-------- RAW DATA --------

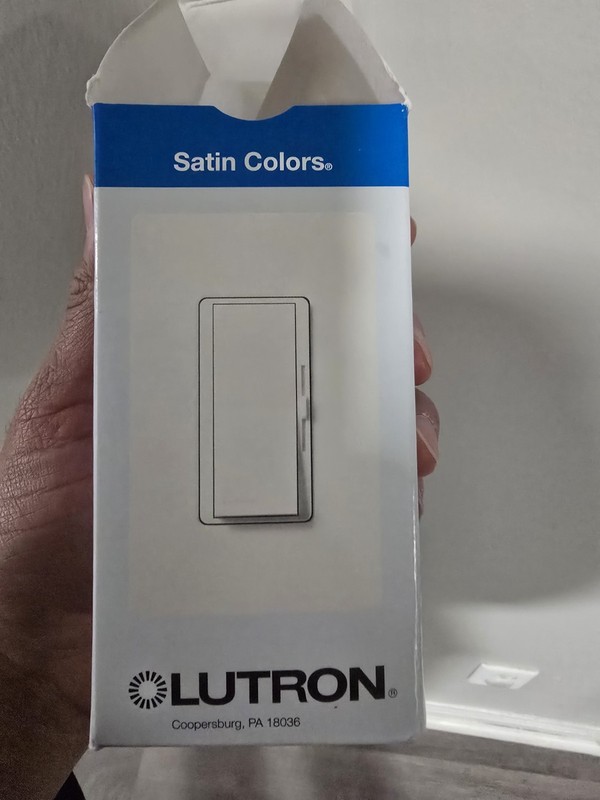 lutron Diva series /dimmer light switch/ [satin color] with wallplate included gallery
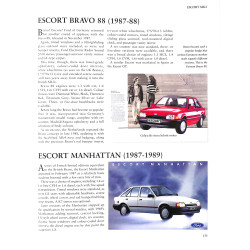 The Complete Catalogue of the Ford Escort Mk3, Mk4, Mk5 & Mk6
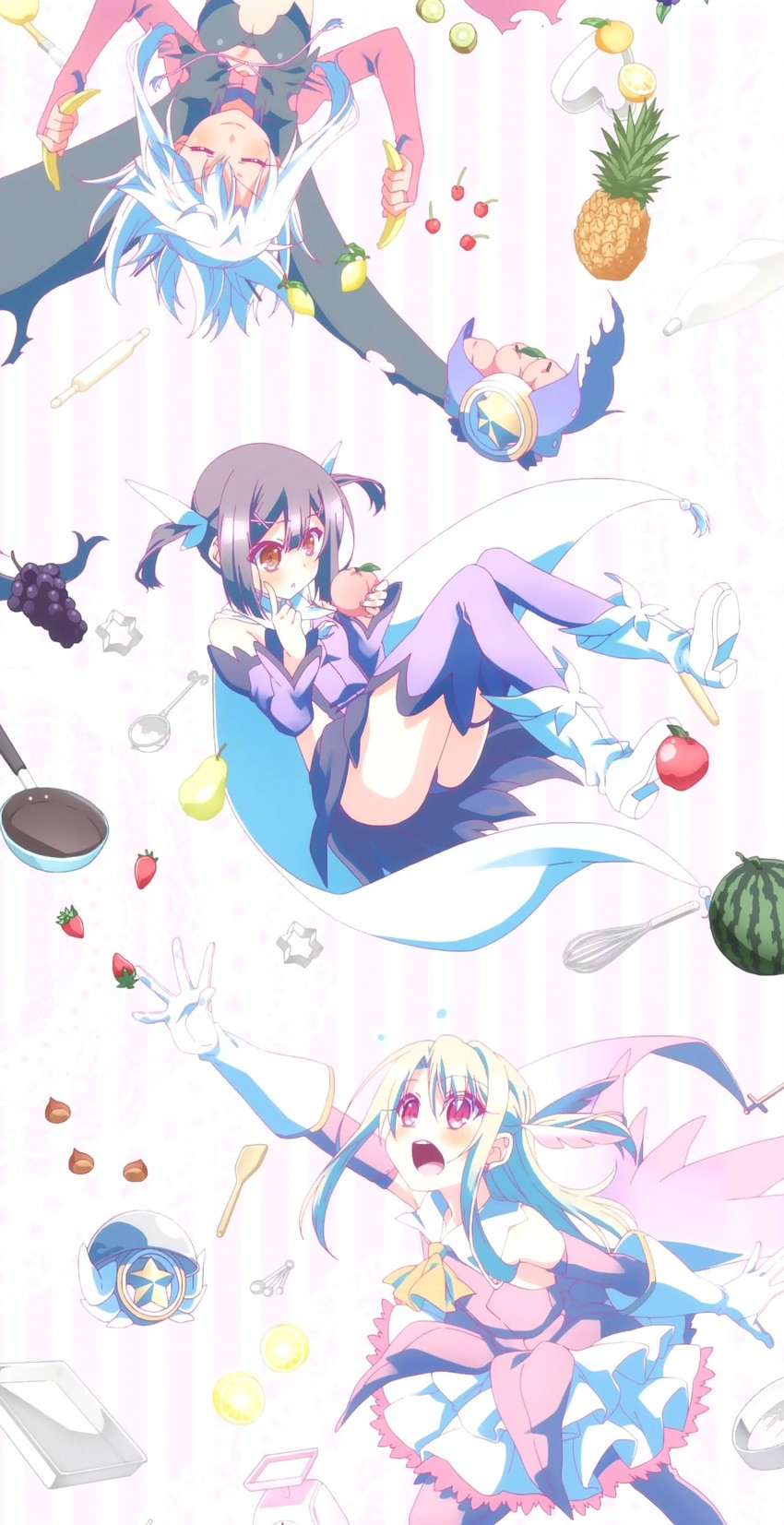 illyasviel von einzbern, chloe von einzbern, miyu edelfelt, prisma illya, magical ruby, and 1 more (fate and 1 more)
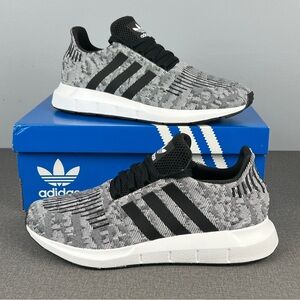 Adidas Originals Swift Run Men's Shoes Black White EE4442 New in Box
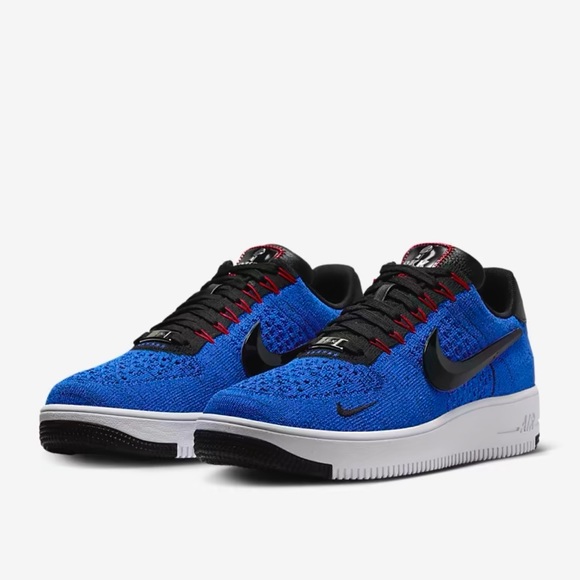 Nike Robert Kraft Blue New England Patriots Ultra Flyknit Air Force 1 Low 9.5 - Picture 4 of 10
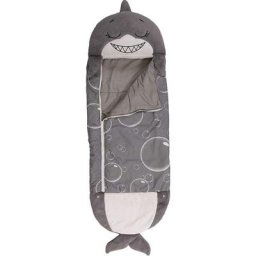 Oreiller pliant pour sac de couchage, 2 en 1, sac de couchage anti-coup de pied pour enfants, requin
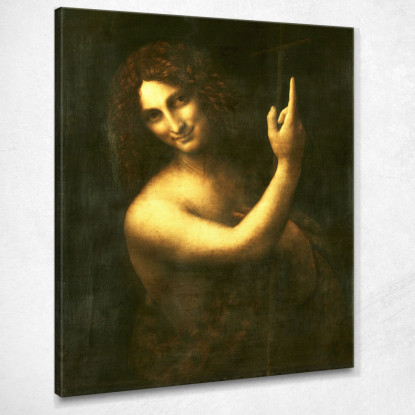 San Giovanni Battista Leonardo Da Vinci ldv3 quadro stampato su tela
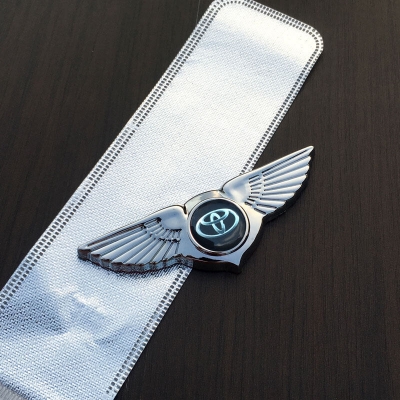 Picture of 1PC Car Trunk Badge Decal Wing Metal Emblem Front Hood Sticker Auto Accessories for Toyota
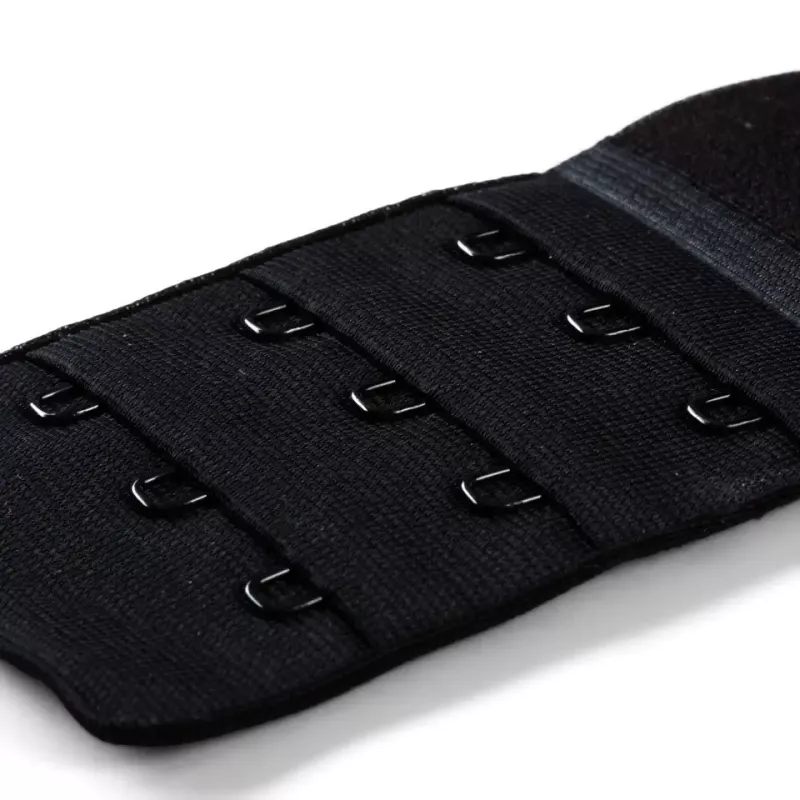 Rallonge attache de soutien-gorge, crochet 3x3, 50mm, noir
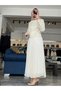 Women's Pleated Skirt Jacket Veyla Set 1780 - 2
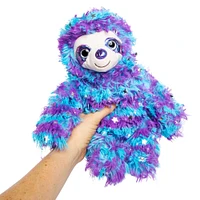 fuzzy sloth stuffed animal 10in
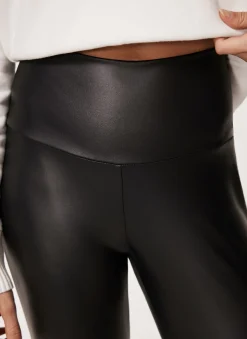 Faux Leather Leggings Leggings & Joggers|Trousers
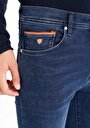 thumb-Afficher les détails de 040 Alex Pantalon Bleu Foncé   En  Skinny Fit Homme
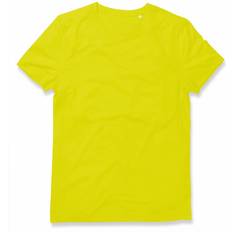 Stedman Gul T-shirts Stedman Active 140 Crew Neck Men - Cyber Yellow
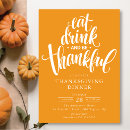 Search for eat drink be thankful invitations Watercolor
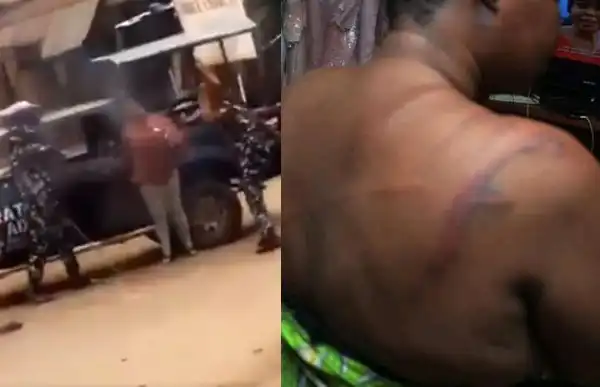 Police officers who assaulted a woman standing outside a compound in Osun state arrested, victim narrates how incident occurred (photos)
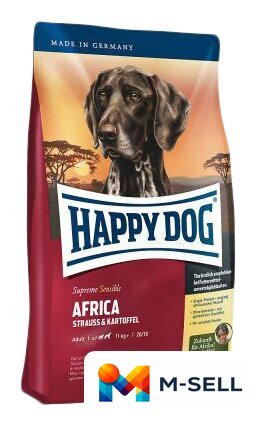 Сухой корм для собак Happy Dog Sensible Africa 4 кг - Изображение №1 — Мульти e-магазин M-SELL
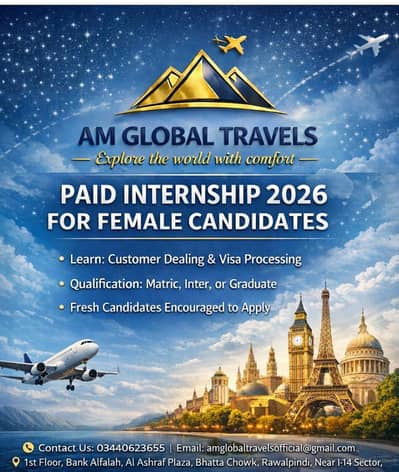 Paid Internship For Fresh Candidates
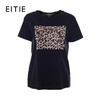 故障 EITIE爱特爱春季新款通勤时尚休闲百搭显瘦简约印花T恤上衣女6102812 商品缩略图7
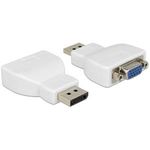 Delock Adapter DisplayPort 1.2 Stecker > VGA Buchse weiß (65568)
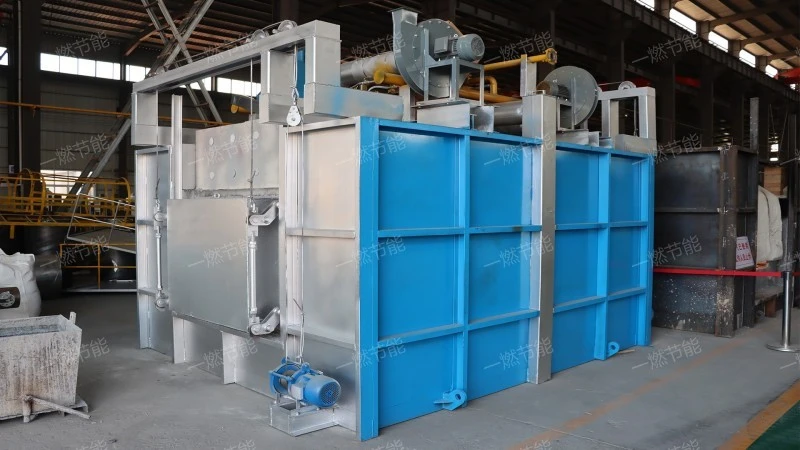 Gas storage through forging heating furnace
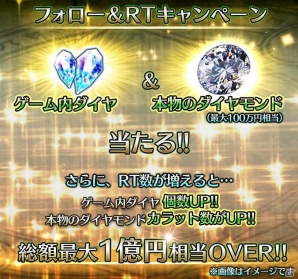 Android「ピルグリムサーガ」ゲーム内ダイヤと本物のダイヤモンドが当たるTwitterキャンペーンが実施の画像2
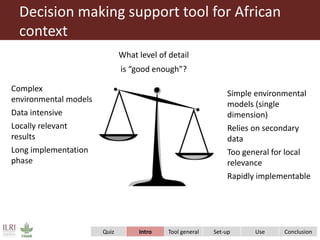 CLEANED tool: Live spatial simulation to develop a shared vision for a sustainable livestock value chain transformation 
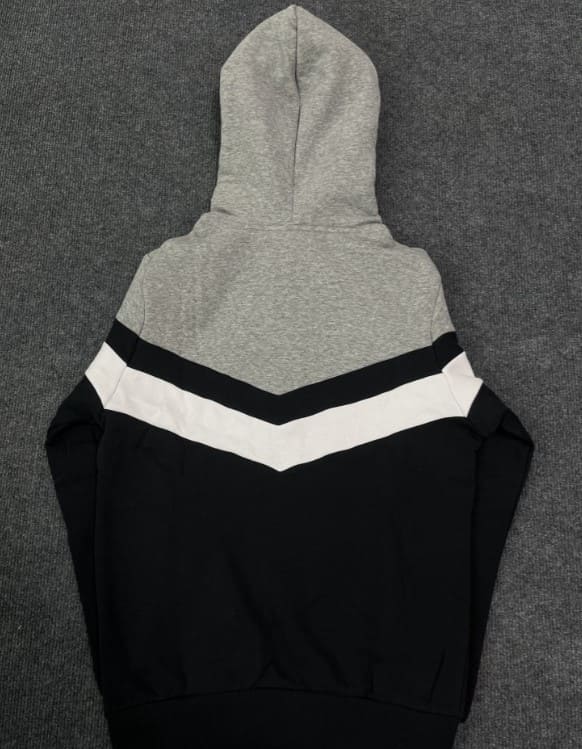 Conjunto Trapstar V Stripe Hoodie Tracksuit Black - HYPER LIST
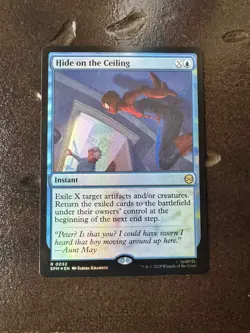 Hide on the Ceiling Marvel's Spider-Man Foil Rare - Image 1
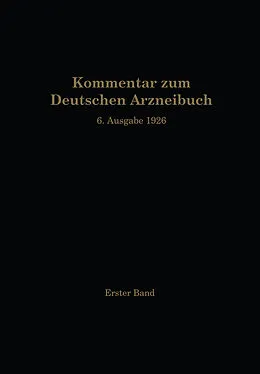 E-Book (pdf) Kommentar zum Deutschen Arzneibuch 6. Ausgabe 1926 von W. Brandt, A. Braun, R. Brieger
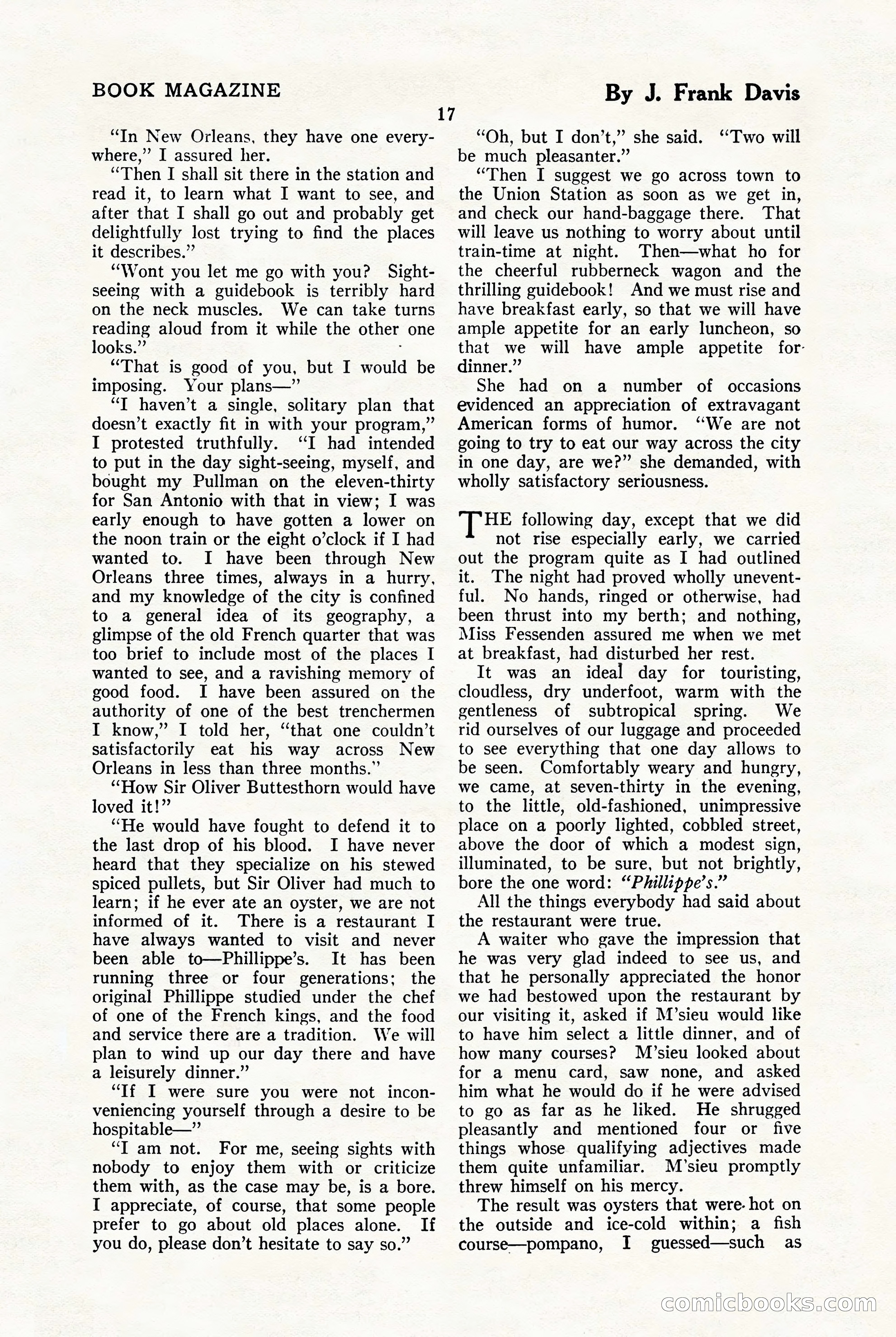 The Blue Book Magazine, January 1923 — page 23 of 212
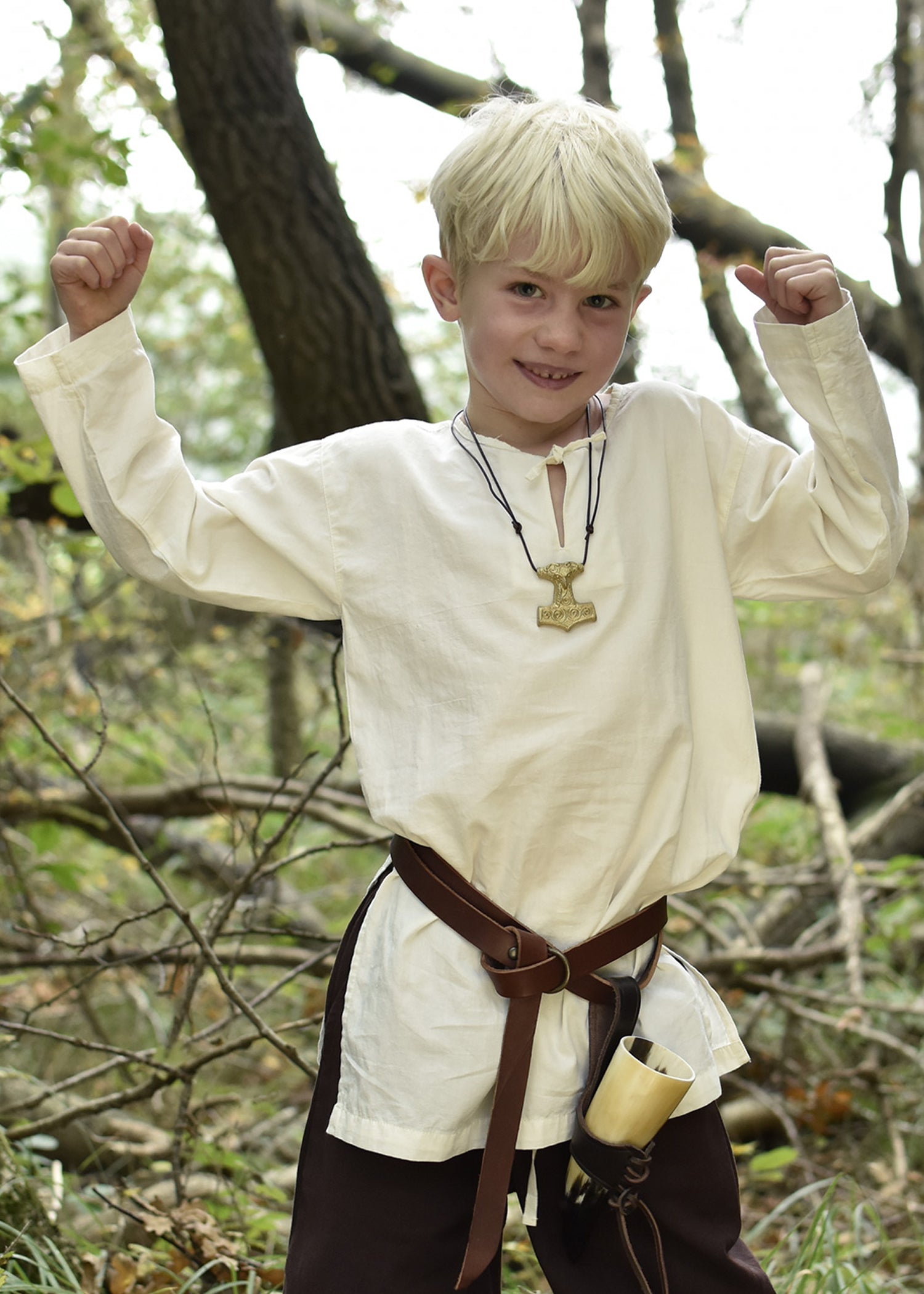 Imagen única de: Túnica Medieval Infantil Arn, Natural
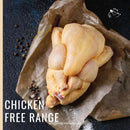 Free range yellow chicken Label Rouge frozen premium quality French poultry approximately 1.6kg to 1.7kg weight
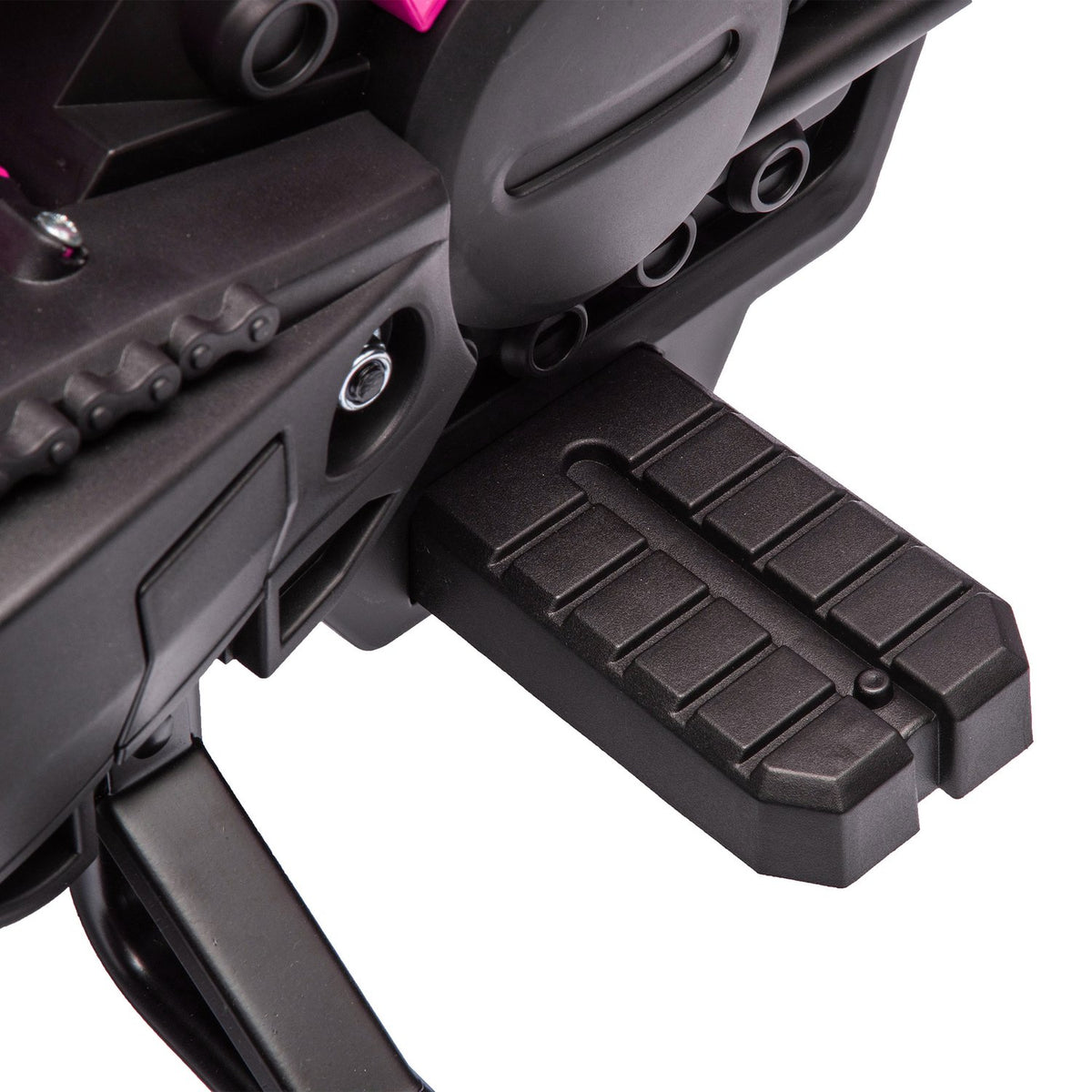 Elektrische motorfiets voor kinderen, 12 V, roze, met steunwielen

--------

▶ **REQUIREMENT**
Above are the records; please give again, exactly and in full, only the lines that run from the line with "Stedman Gul T-shirts" through the line with "Conjunto Trapstar V", with no pictures.

▶ **RESPONSE TO THE EXERCISE**
 Stedman Gul T-shirts Stedman Active 140 Crew Neck Men - Cyber Yellow
 Search for eat drink be thankful invitations Watercolor
 Police officers who assaulted a woman standing outside a compound in Osun state arrested, victim narrates how incident occurred (photos)
 Сухой корм для собак Happy Dog Sensible Africa 4 кг - Изображение №1 — Мульти e-магазин M-SELL
 Paid Internship For Fresh Candidates
 故障 EITIE爱特爱春季新款通勤时尚休闲百搭显瘦简约印花T恤上衣女6102812 商品缩略图7
 Delock Adapter DisplayPort 1.2 Stecker > VGA Buchse weiß (65568)
 Gas storage through forging heating furnace
 Android「ピルグリムサーガ」ゲーム内ダイヤと本物のダイヤモンドが当たるTwitterキャンペーンが実施の画像2
 CLEANED tool: Live spatial simulation to develop a shared vision for a sustainable livestock value chain transformation 
 Conjunto Trapstar V Stripe Hoodie Tracksuit Black - HYPER LIST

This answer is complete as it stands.